Field trips to federally funded sites could be in peril

Some 4,000 to 5,000 K-12 students, mostly from Louisiana, annually take field trips to the research and educational facilities of LUMCON, a program of the Louisiana Board of Regents whose consortium of 32 postsecondary institutions promotes and conduct research and education collaborations.

“Since the mid-80s, K-12 education has been part of our mission,” said Brian Roberts, LUMCON’s executive director and chief scientist. “Place-based experiential learning is something that can be life-changing.”

Until recently, Roberts expected the number of visits from K-12 students to grow, as LUMCON recently added a second educational facility, the Houma Maritime Campus. But federal budget cuts make him wary of the organization’s future.

Kid in Marsh

“As an organization, we are heavily reliant upon federal dollars,” said Roberts. “And there are a lot of unknowns about how changes at the federal funding level are going to directly impact states.”

Normally, LUMCON sees more demand than it has space to accommodate. This season, though, some school groups have canceled; Roberts suspects funding could be why.

“I think we’re seeing some contraction, but I anticipate much more moving forward,” he said. “If schools have money in hand right now, many of them are able to spend it. The question is whether they’ll get their next year’s allotment or whether there will be future funding opportunities for them. I think you’re going to see a much bigger impact in the coming year.”

Professional learning workshops tied to experiential learning also in jeopardy

A weeklong summer workshop at LUMCON that Lacaze took about 10 years ago ignited his passion for Louisiana coastal issues, he said. Since then, he’s wanted to share what he’s learned there with his students.

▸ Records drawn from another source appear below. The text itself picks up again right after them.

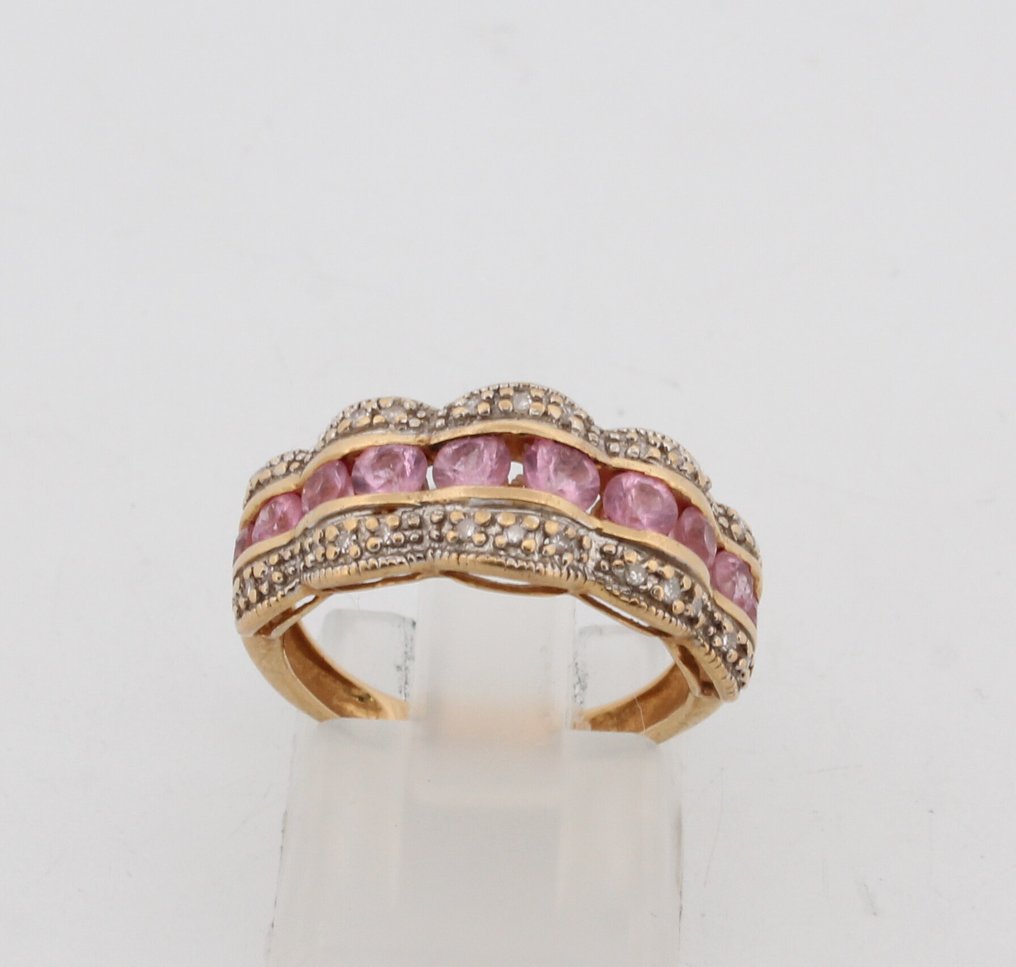 沒有保留價 - 戒指 - 18 克拉 黃金 尖晶石 - 鉆石 #1.0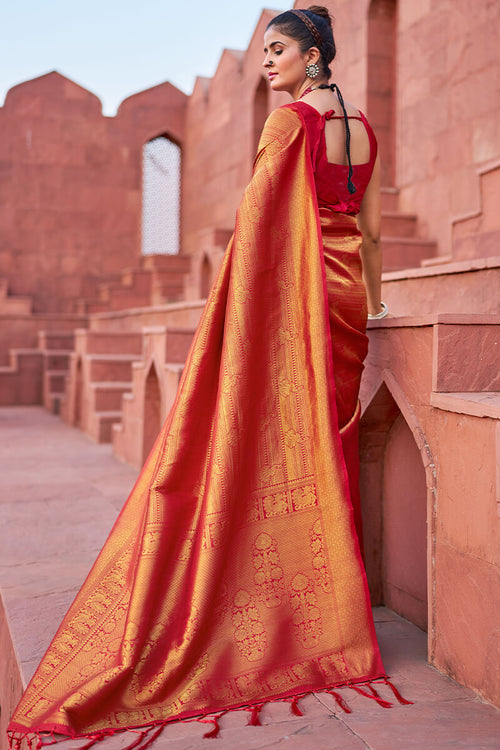 Load image into Gallery viewer, Assemblage Red Kanjivaram Silk Saree With Diaphanous Blouse Piece
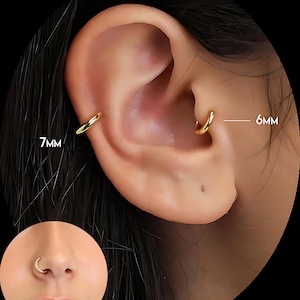 Shinny Shank Septum 18G clicker Hoop, Nose Ring, Conch Hoop, Hoop Earring, cartilage hoop  • Daith Hoop • Tragus Hoop • Rook Hoop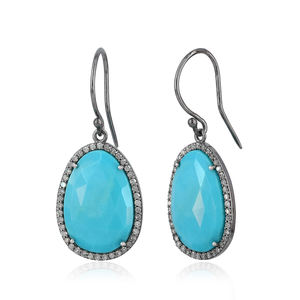 ต่างหูเพชรแท้ประดับพลอยเทอร์ควอยซ์เงินแท้ 925 ดีไซน์เก๋ แบบห้อย ขายส่ง - Product Image 2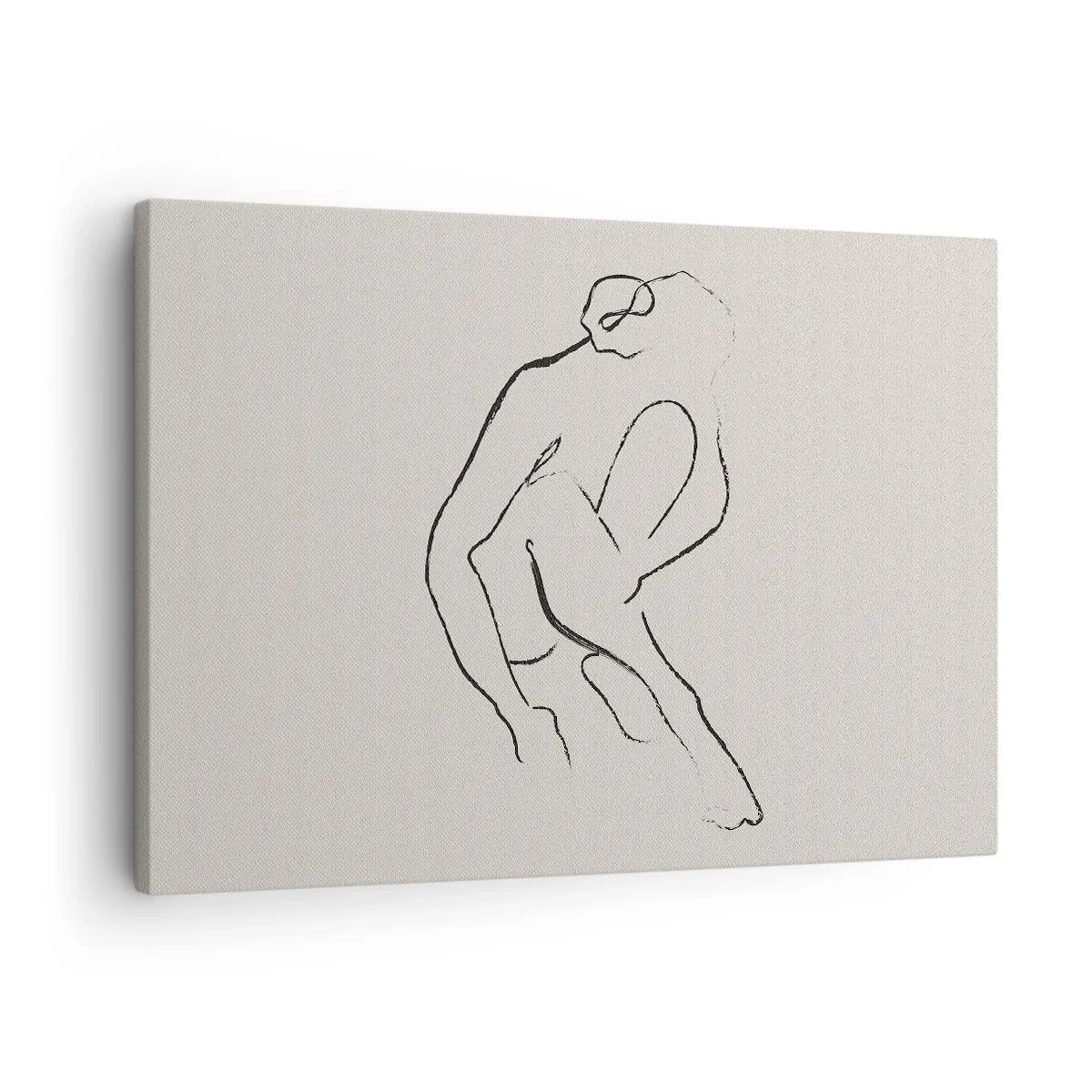 Obraz na plátne - Minimalistická silueta v čiernej farbe na svetlom pozadí - 70x50cm - Intímna skica - Moderná nástenná dekorácia do obývacej izby a spálne ARTTOR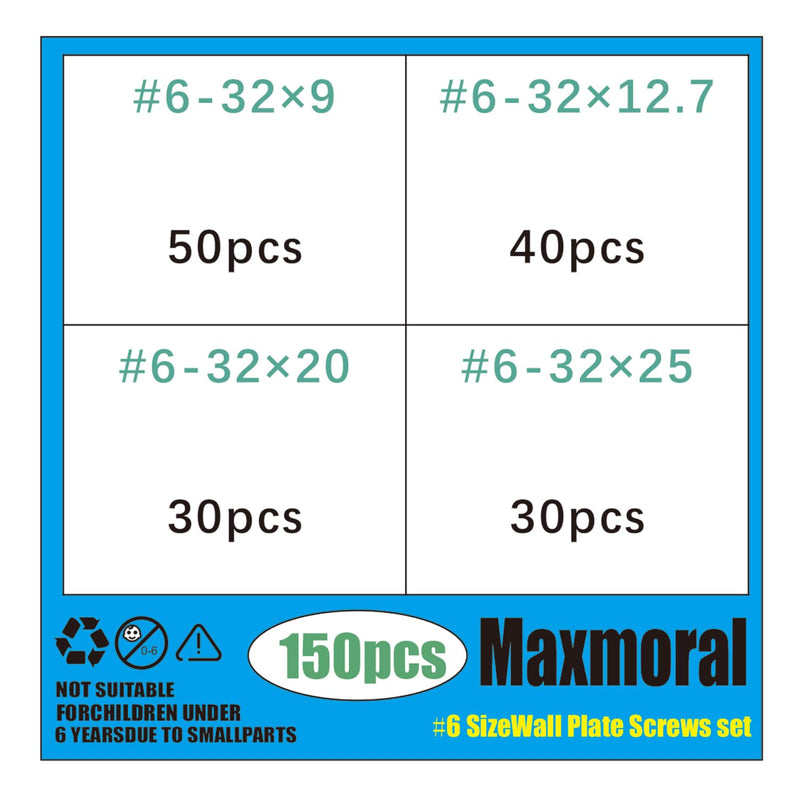 Maxmoral 150PCS 6-32 Thread American Switch and Socket Panel White Painted Screw Wall Plate Screw Long Electrical Outlet Screw Power Outlet Carbon Steel Screw for Replacement of Lost or Painted Screw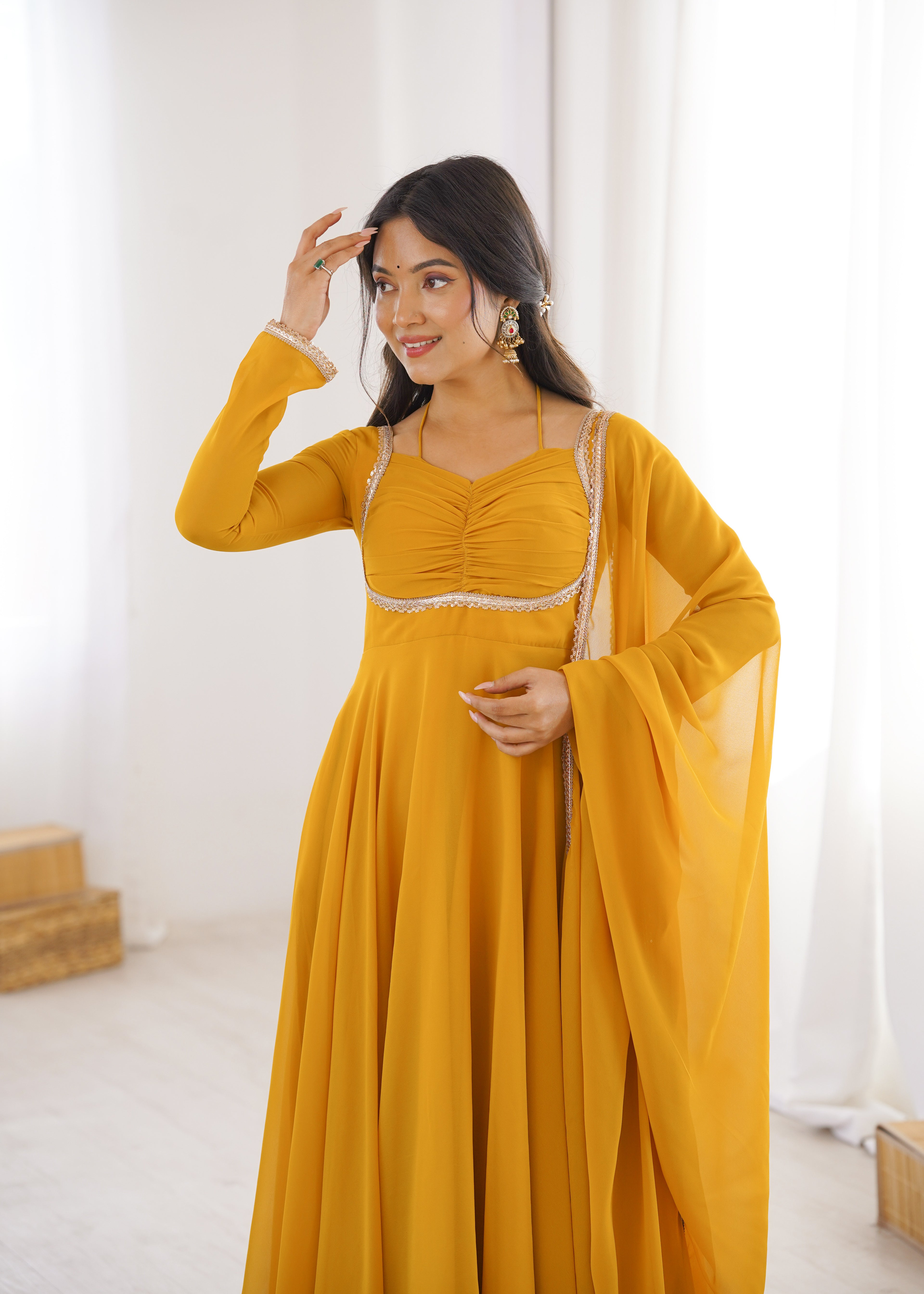 Nithya Georgette Kurta Set (Yellow)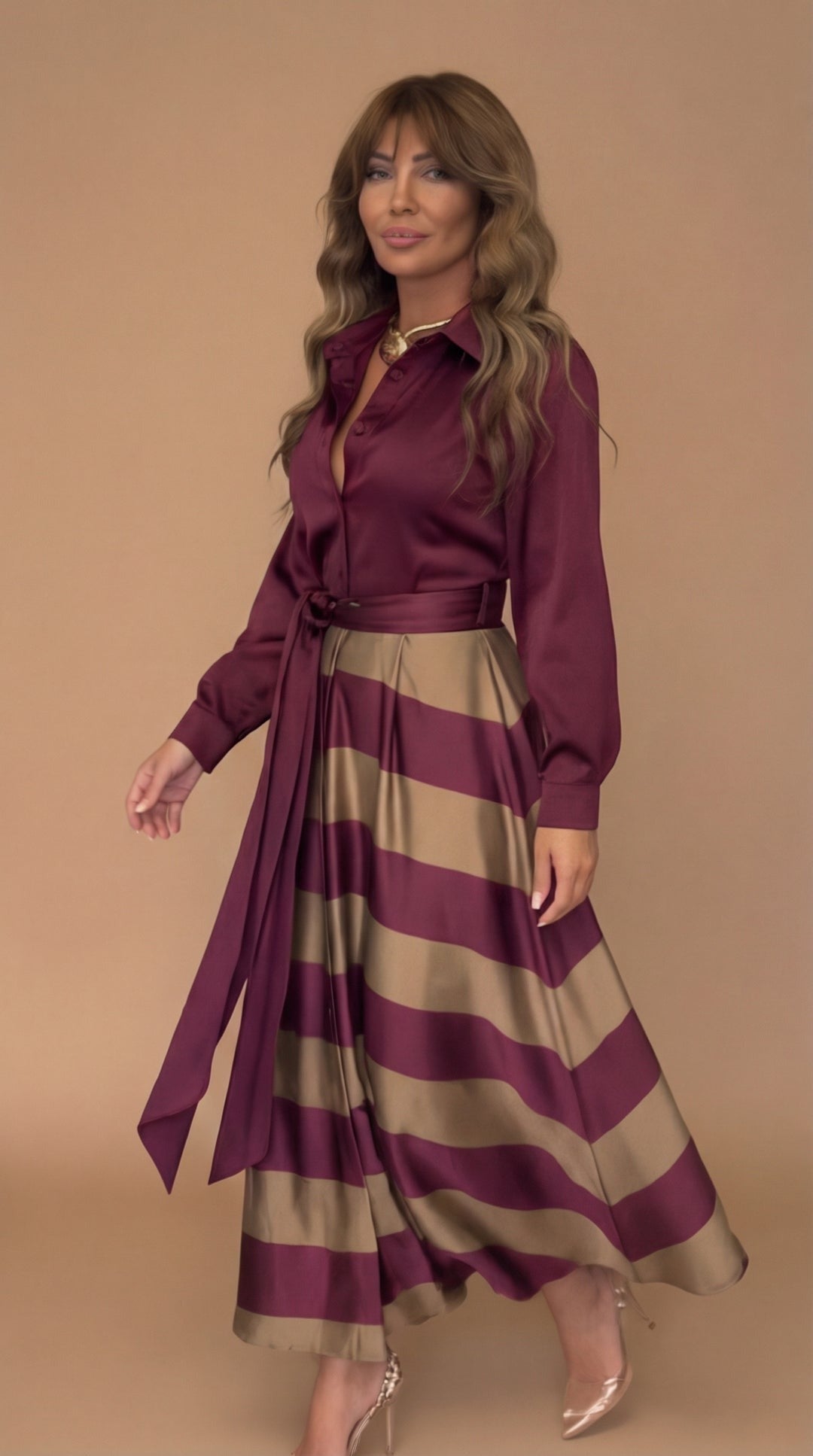 Collared Button Front Long Sleeve Belted Satin Striped Maxi Dress 3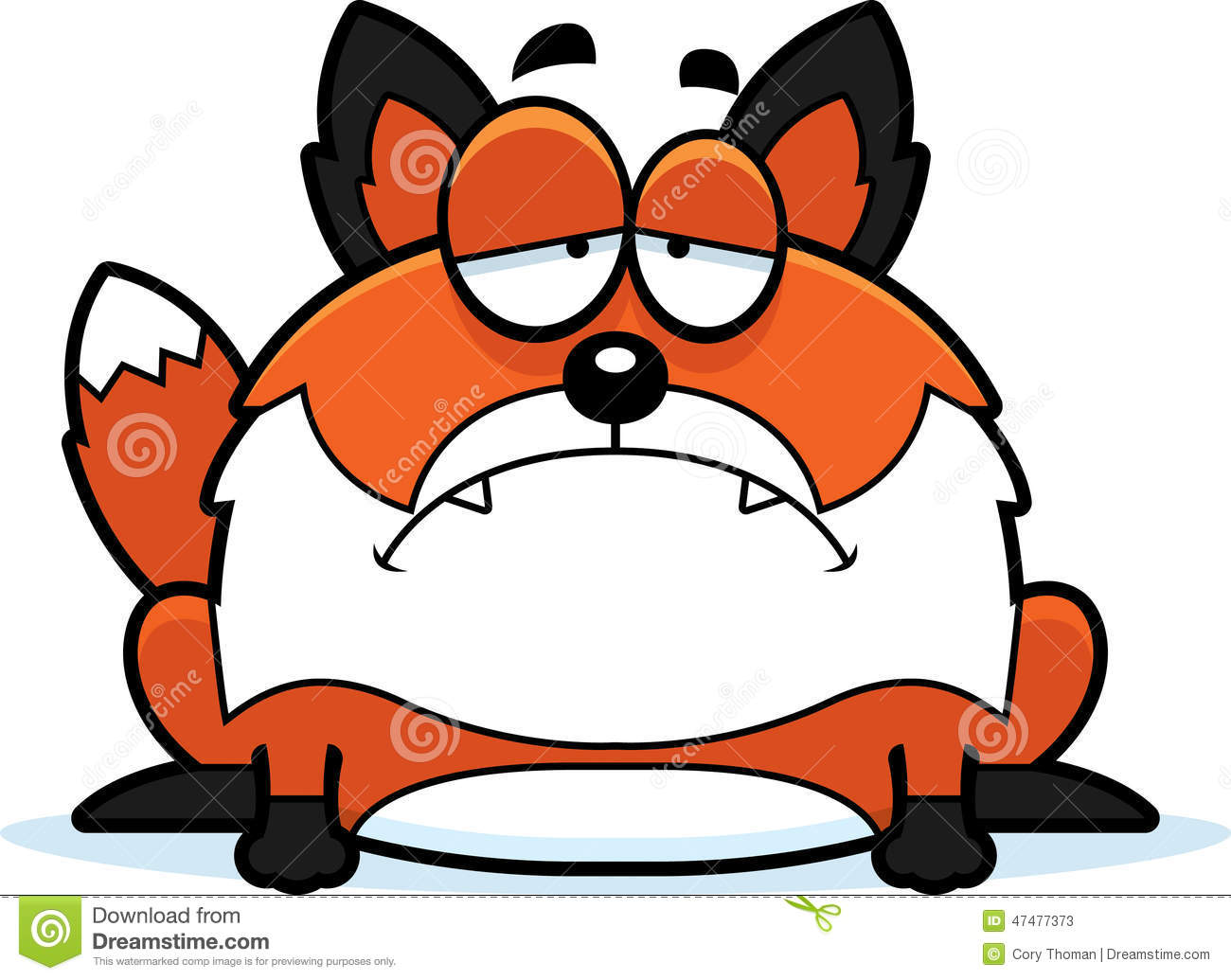 Cartoon Illustration Of A Fox Looking Sad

Lacaze’s experience is not unusual. Hands-on professional development can expose teachers to ideas for student field trips that they otherwise may not consider.

Many such PD experiences are made possible by grants from the National Endowment for the Humanities. The federal agency got news this month of significant budget cuts that canceled an estimated 1,200 grants and placed about 80 percent of the agency’s staff on administrative leave.

The budget cuts have left places like Heart Mountain, a World War II Japanese American confinement site in Park County, Wyo., in a precarious position.

Normally, Heart Mountain in the summer welcomes teachers for a two-week professional learning experience where they learn firsthand about the history of Japanese American incarceration from a group of experts, including people who were formerly incarcerated in the camps. This spring, the foundation that supports Heart Mountain applied for a NEH grant, Landmarks of American History and Culture, to support workshops in summer 2026.

Then, cuts to the endowment’s budget were announced, leaving the future of this professional development program in jeopardy.

“There’s a lot of uncertainty. We’re planning for the worst and hoping for the best,” said Ray Locker, spokesperson for the Heart Mountain Wyoming Foundation. “We’re not optimistic. We usually find out if we receive the Landmarks of American History and Culture grants in late July or early August [for the following summer], but we don’t know if anyone is still there to review the applications.”